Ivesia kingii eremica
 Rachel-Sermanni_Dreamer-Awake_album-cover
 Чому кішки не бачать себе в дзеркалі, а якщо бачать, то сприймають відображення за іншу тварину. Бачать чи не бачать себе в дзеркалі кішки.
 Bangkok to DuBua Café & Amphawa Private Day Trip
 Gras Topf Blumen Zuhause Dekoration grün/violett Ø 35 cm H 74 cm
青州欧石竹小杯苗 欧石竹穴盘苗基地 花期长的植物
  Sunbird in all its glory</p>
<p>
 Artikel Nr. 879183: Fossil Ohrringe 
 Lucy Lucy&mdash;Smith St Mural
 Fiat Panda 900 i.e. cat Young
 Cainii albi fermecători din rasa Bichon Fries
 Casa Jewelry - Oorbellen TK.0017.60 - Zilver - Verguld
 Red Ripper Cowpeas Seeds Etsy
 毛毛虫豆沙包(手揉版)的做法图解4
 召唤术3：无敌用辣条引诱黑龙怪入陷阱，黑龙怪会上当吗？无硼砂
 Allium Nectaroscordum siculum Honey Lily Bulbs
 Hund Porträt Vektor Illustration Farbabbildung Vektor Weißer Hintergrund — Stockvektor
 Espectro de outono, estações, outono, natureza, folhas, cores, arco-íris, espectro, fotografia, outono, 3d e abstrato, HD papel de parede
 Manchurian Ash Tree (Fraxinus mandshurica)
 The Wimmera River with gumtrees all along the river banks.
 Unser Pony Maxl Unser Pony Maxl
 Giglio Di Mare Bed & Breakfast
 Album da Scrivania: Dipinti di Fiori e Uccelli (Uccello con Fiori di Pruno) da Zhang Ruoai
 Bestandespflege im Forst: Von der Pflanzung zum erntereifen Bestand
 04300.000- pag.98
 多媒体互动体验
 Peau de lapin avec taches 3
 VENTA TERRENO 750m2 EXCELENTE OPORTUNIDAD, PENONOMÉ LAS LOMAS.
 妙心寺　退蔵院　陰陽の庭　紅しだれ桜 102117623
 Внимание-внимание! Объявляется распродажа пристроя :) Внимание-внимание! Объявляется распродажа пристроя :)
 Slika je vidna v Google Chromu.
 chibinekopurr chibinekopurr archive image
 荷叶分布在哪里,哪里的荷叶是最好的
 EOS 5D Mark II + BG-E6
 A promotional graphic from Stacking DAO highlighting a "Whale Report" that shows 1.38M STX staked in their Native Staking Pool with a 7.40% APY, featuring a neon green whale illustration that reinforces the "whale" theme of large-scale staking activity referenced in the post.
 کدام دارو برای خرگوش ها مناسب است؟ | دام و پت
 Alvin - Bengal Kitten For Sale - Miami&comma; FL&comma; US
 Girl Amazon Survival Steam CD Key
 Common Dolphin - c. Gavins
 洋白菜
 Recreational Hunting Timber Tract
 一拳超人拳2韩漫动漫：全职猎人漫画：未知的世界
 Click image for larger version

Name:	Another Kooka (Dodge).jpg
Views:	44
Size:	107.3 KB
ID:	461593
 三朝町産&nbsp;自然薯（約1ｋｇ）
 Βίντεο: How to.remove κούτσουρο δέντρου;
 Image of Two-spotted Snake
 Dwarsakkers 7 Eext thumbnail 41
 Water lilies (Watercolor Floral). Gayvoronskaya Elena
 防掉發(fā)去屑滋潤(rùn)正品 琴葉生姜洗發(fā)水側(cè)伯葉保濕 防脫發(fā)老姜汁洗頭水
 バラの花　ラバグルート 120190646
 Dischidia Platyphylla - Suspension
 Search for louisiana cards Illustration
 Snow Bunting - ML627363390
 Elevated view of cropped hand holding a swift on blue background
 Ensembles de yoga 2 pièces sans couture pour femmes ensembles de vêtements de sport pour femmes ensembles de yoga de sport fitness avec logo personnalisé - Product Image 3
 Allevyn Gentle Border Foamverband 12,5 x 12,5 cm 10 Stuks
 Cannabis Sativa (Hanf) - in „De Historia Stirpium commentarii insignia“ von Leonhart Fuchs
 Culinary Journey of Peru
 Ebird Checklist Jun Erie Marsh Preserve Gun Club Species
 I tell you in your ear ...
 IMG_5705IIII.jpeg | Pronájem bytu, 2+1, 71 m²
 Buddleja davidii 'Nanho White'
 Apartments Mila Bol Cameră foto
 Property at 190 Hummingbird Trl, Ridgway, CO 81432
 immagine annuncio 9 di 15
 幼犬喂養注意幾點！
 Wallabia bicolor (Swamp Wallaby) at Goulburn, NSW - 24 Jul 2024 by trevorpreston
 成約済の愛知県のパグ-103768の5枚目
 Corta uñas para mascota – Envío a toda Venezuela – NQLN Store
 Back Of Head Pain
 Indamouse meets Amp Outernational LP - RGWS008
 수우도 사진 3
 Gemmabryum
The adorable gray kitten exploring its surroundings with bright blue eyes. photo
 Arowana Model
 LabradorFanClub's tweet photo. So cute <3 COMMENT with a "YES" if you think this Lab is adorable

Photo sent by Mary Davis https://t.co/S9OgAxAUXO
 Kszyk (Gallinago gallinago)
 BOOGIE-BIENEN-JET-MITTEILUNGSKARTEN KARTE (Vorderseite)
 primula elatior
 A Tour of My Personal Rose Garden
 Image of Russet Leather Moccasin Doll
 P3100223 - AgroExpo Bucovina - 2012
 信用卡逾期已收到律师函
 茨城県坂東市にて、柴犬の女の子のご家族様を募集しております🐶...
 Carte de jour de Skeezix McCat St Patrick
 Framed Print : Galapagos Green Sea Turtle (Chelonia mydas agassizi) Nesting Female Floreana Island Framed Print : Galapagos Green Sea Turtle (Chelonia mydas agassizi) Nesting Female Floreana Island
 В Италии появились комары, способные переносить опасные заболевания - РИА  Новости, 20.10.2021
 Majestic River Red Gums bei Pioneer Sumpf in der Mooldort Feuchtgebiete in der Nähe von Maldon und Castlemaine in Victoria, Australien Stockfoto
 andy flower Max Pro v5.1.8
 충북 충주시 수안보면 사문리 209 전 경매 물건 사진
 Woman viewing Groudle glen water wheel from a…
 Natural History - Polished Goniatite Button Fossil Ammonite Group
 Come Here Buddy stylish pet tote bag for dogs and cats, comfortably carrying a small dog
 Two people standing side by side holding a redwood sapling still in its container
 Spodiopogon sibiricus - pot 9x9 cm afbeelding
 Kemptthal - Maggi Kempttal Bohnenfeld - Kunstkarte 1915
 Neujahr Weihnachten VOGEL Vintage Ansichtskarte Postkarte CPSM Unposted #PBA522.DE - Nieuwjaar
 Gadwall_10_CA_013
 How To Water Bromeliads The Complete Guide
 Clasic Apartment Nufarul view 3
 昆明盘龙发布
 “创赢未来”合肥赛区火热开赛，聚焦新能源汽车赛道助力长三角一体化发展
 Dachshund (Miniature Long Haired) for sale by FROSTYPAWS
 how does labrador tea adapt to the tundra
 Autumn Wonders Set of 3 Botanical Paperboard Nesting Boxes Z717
──────────
*EXERCISE REQUIREMENTS:* An exact repeat of the whole listing above is needed; write it out now.

*REPLY:*
Ivesia kingii eremica
 Rachel-Sermanni_Dreamer-Awake_album-cover
 Чому кішки не бачать себе в дзеркалі, а якщо бачать, то сприймають відображення за іншу тварину. Бачать чи не бачать себе в дзеркалі кішки.
 Bangkok to DuBua Café & Amphawa Private Day Trip
 Gras Topf Blumen Zuhause Dekoration grün/violett Ø 35 cm H 74 cm
青州欧石竹小杯苗 欧石竹穴盘苗基地 花期长的植物
  Sunbird in all its glory</p>
<p>
 Artikel Nr. 879183: Fossil Ohrringe 
 Lucy Lucy&mdash;Smith St Mural
 Fiat Panda 900 i.e. cat Young
 Cainii albi fermecători din rasa Bichon Fries
 Casa Jewelry - Oorbellen TK.0017.60 - Zilver - Verguld
 Red Ripper Cowpeas Seeds Etsy
 毛毛虫豆沙包(手揉版)的做法图解4
 召唤术3：无敌用辣条引诱黑龙怪入陷阱，黑龙怪会上当吗？无硼砂
 Allium Nectaroscordum siculum Honey Lily Bulbs
 Hund Porträt Vektor Illustration Farbabbildung Vektor Weißer Hintergrund — Stockvektor
 Espectro de outono, estações, outono, natureza, folhas, cores, arco-íris, espectro, fotografia, outono, 3d e abstrato, HD papel de parede
 Manchurian Ash Tree (Fraxinus mandshurica)
 The Wimmera River with gumtrees all along the river banks.
 Unser Pony Maxl Unser Pony Maxl
 Giglio Di Mare Bed & Breakfast
 Album da Scrivania: Dipinti di Fiori e Uccelli (Uccello con Fiori di Pruno) da Zhang Ruoai
 Bestandespflege im Forst: Von der Pflanzung zum erntereifen Bestand
 04300.000- pag.98
 多媒体互动体验
 Peau de lapin avec taches 3
 VENTA TERRENO 750m2 EXCELENTE OPORTUNIDAD, PENONOMÉ LAS LOMAS.
 妙心寺　退蔵院　陰陽の庭　紅しだれ桜 102117623
 Внимание-внимание! Объявляется распродажа пристроя :) Внимание-внимание! Объявляется распродажа пристроя :)
 Slika je vidna v Google Chromu.
 chibinekopurr chibinekopurr archive image
 荷叶分布在哪里,哪里的荷叶是最好的
 EOS 5D Mark II + BG-E6
 A promotional graphic from Stacking DAO highlighting a "Whale Report" that shows 1.38M STX staked in their Native Staking Pool with a 7.40% APY, featuring a neon green whale illustration that reinforces the "whale" theme of large-scale staking activity referenced in the post.
 کدام دارو برای خرگوش ها مناسب است؟ | دام و پت
 Alvin - Bengal Kitten For Sale - Miami&comma; FL&comma; US
 Girl Amazon Survival Steam CD Key
 Common Dolphin - c. Gavins
 洋白菜
 Recreational Hunting Timber Tract
 一拳超人拳2韩漫动漫：全职猎人漫画：未知的世界
 Click image for larger version

Name:	Another Kooka (Dodge).jpg
Views:	44
Size:	107.3 KB
ID:	461593
 三朝町産&nbsp;自然薯（約1ｋｇ）
 Βίντεο: How to.remove κούτσουρο δέντρου;
 Image of Two-spotted Snake
 Dwarsakkers 7 Eext thumbnail 41
 Water lilies (Watercolor Floral). Gayvoronskaya Elena
 防掉發(fā)去屑滋潤(rùn)正品 琴葉生姜洗發(fā)水側(cè)伯葉保濕 防脫發(fā)老姜汁洗頭水
 バラの花　ラバグルート 120190646
 Dischidia Platyphylla - Suspension
 Search for louisiana cards Illustration
 Snow Bunting - ML627363390
 Elevated view of cropped hand holding a swift on blue background
 Ensembles de yoga 2 pièces sans couture pour femmes ensembles de vêtements de sport pour femmes ensembles de yoga de sport fitness avec logo personnalisé - Product Image 3
 Allevyn Gentle Border Foamverband 12,5 x 12,5 cm 10 Stuks
 Cannabis Sativa (Hanf) - in „De Historia Stirpium commentarii insignia“ von Leonhart Fuchs
 Culinary Journey of Peru
 Ebird Checklist Jun Erie Marsh Preserve Gun Club Species
 I tell you in your ear ...
 IMG_5705IIII.jpeg | Pronájem bytu, 2+1, 71 m²
 Buddleja davidii 'Nanho White'
 Apartments Mila Bol Cameră foto
 Property at 190 Hummingbird Trl, Ridgway, CO 81432
 immagine annuncio 9 di 15
 幼犬喂養注意幾點！
 Wallabia bicolor (Swamp Wallaby) at Goulburn, NSW - 24 Jul 2024 by trevorpreston
 成約済の愛知県のパグ-103768の5枚目
 Corta uñas para mascota – Envío a toda Venezuela – NQLN Store
 Back Of Head Pain
 Indamouse meets Amp Outernational LP - RGWS008
 수우도 사진 3
 Gemmabryum
The adorable gray kitten exploring its surroundings with bright blue eyes. photo
 Arowana Model
 LabradorFanClub's tweet photo. So cute <3 COMMENT with a "YES" if you think this Lab is adorable

Photo sent by Mary Davis https://t.co/S9OgAxAUXO
 Kszyk (Gallinago gallinago)
 BOOGIE-BIENEN-JET-MITTEILUNGSKARTEN KARTE (Vorderseite)
 primula elatior
 A Tour of My Personal Rose Garden
 Image of Russet Leather Moccasin Doll
 P3100223 - AgroExpo Bucovina - 2012
 信用卡逾期已收到律师函
 茨城県坂東市にて、柴犬の女の子のご家族様を募集しております🐶...
 Carte de jour de Skeezix McCat St Patrick
 Framed Print : Galapagos Green Sea Turtle (Chelonia mydas agassizi) Nesting Female Floreana Island Framed Print : Galapagos Green Sea Turtle (Chelonia mydas agassizi) Nesting Female Floreana Island
 В Италии появились комары, способные переносить опасные заболевания - РИА  Новости, 20.10.2021
 Majestic River Red Gums bei Pioneer Sumpf in der Mooldort Feuchtgebiete in der Nähe von Maldon und Castlemaine in Victoria, Australien Stockfoto
 andy flower Max Pro v5.1.8
 충북 충주시 수안보면 사문리 209 전 경매 물건 사진
 Woman viewing Groudle glen water wheel from a…
 Natural History - Polished Goniatite Button Fossil Ammonite Group
 Come Here Buddy stylish pet tote bag for dogs and cats, comfortably carrying a small dog
 Two people standing side by side holding a redwood sapling still in its container
 Spodiopogon sibiricus - pot 9x9 cm afbeelding
 Kemptthal - Maggi Kempttal Bohnenfeld - Kunstkarte 1915
 Neujahr Weihnachten VOGEL Vintage Ansichtskarte Postkarte CPSM Unposted #PBA522.DE - Nieuwjaar
 Gadwall_10_CA_013
 How To Water Bromeliads The Complete Guide
 Clasic Apartment Nufarul view 3
 昆明盘龙发布
 “创赢未来”合肥赛区火热开赛，聚焦新能源汽车赛道助力长三角一体化发展
 Dachshund (Miniature Long Haired) for sale by FROSTYPAWS
 how does labrador tea adapt to the tundra
 Autumn Wonders Set of 3 Botanical Paperboard Nesting Boxes Z717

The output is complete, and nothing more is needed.